Entifadh Qanbar, the chief spokesman for the group, said at a news conference that the congress would try to establish an interim government within a few weeks, regardless of whether the United States supported such an effort. The congress is one of several groups that attempted to orchestrate opposition to Saddam Hussein from outside Iraq before he was overthrown.
''It is not up to the Americans to delay this [interim] government,'' Qanbar said. ''This is a sovereign issue of Iraqis. We are allies of the United States. We do not take orders from the United States. . . . We are going forward in our plans'' for a meeting of representatives of all major Iraqi parties by the end of this month to form a government.

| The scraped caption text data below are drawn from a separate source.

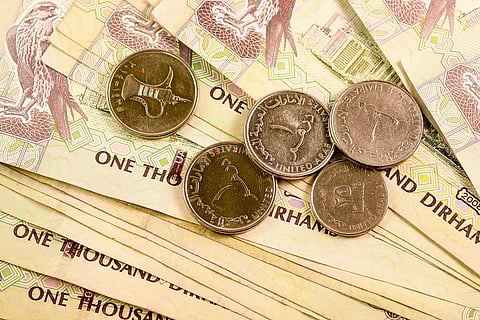 الإمارات: مطالبة موظف بسداد 310 آلاف درهم لشركته لإنهاء العمل دون إشعار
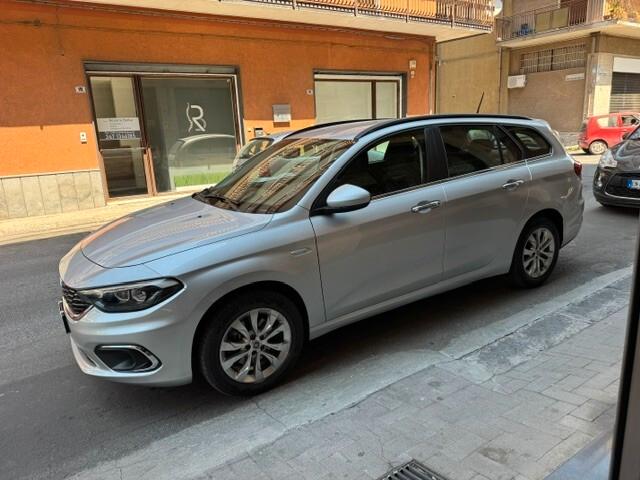 Fiat Tipo 1.3 Mjt S&S SW Lounge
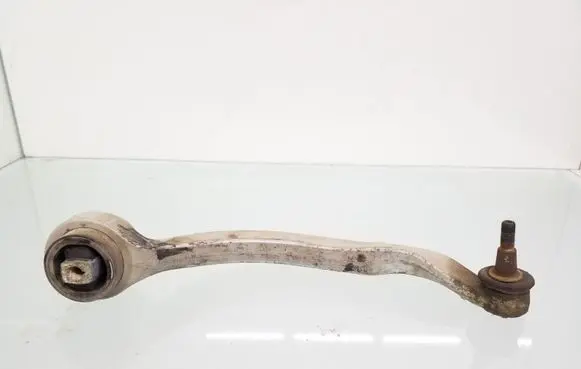 Volkswagen PASSAT B5 Front lower control arm/wishbone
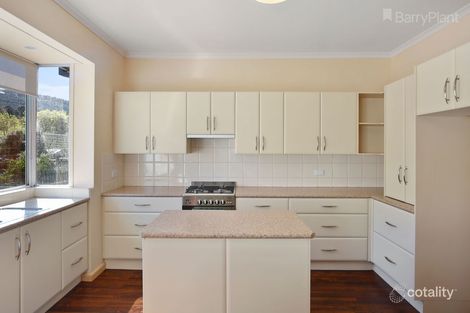 Property photo of 11 Albert Street Upper Ferntree Gully VIC 3156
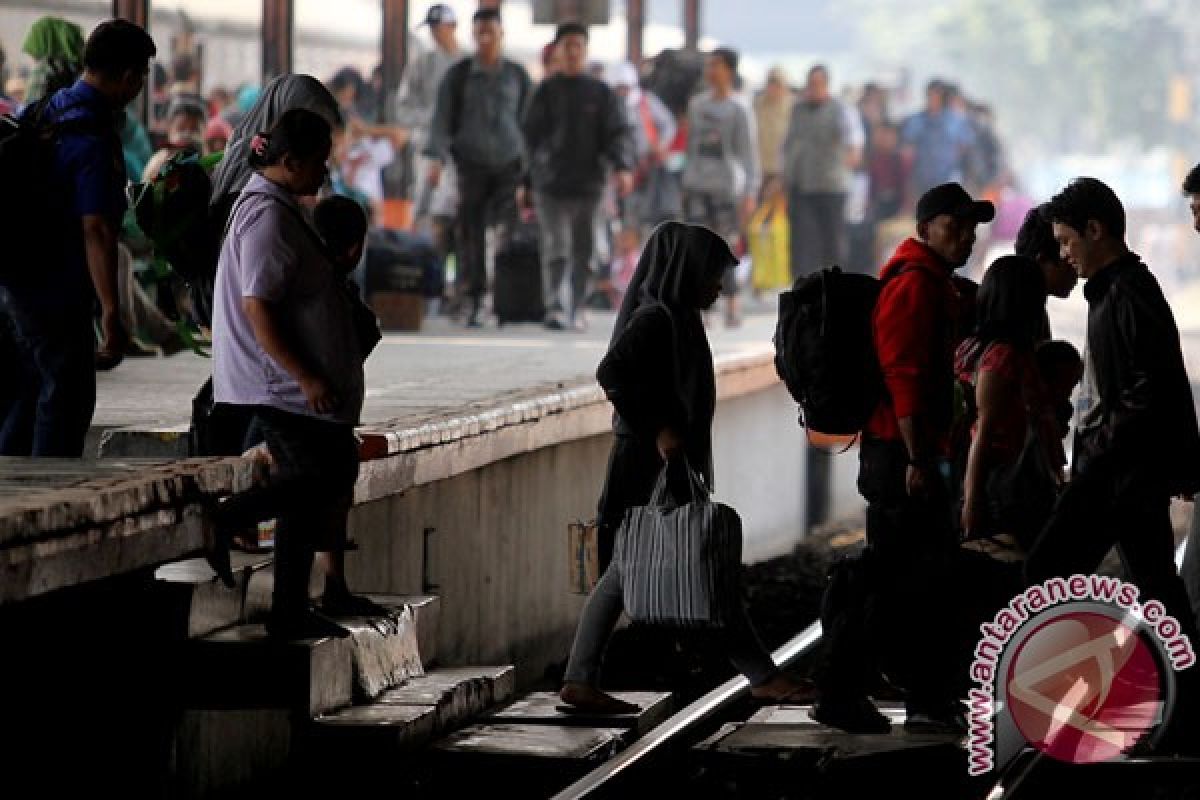 Besok puncak arus mudik kereta dari Bandung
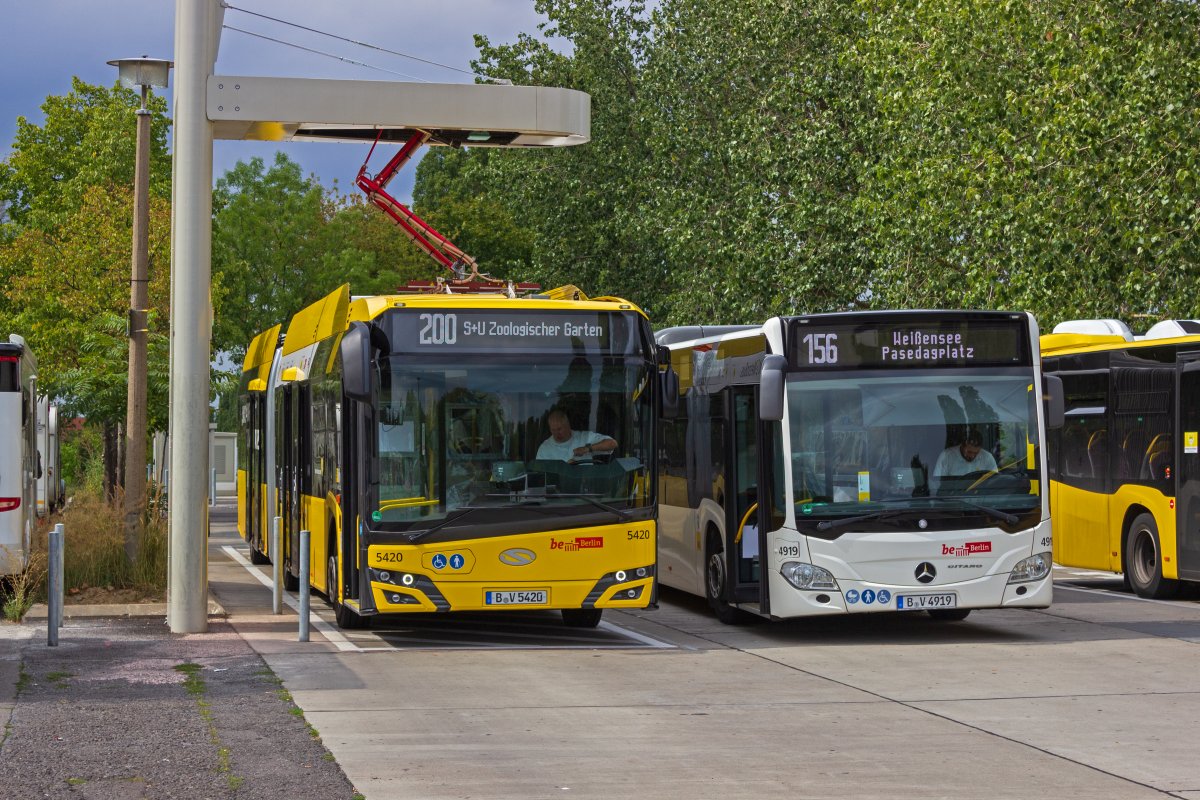 Wie bei dieser Art von Ladestationen �blich ist der  Stromabnehmer  (in diesem Falle eher Stromabgeber) an der Lades�ule montiert und senkt sich auf die Ladekontakte auf dem Dach des E-Busses. Der Fahrer braucht lediglich innerhalb der abmarkierten Fl�che zu parken. Um genug Ladezeit zu haben sind die Wendezeiten der Probelinie 200 mit rund 20 Minuten gro�z�gig bemessen. Neben dem Aufladen hilft dies sicherlich auch bei Versp�tungen auf dieser mitten durch die Stadt f�hrenden Linie.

There appears to be little support for the initiative, however. All of the leading parties are in favor of forming an interim government as quickly as is practically possible, but they continue to negotiate with one another and the Americans. On Sunday, L. Paul Bremer, the new American civil administrator of Iraq, denied that the United States had suspended the transition process.
Many Iraqis say they do not trust the Iraqi National Congress leader, Ahmad Chalabi, who has been charged with bank fraud in Jordan. They say that Chalabi is pushing harder than anyone else for speedy formation of the interim government because it would maximize his group's representation, and that the more time passes, the more it will be clear that he has little public support.
In other developments, the US military confirmed that four Marines on a resupply mission were killed when their Ch-46 Sea-Knight helicopter crashed Monday into a canal in central Iraq, and a fifth drowned trying to save them. The cause was under investigation, and the identities of those killed were not released.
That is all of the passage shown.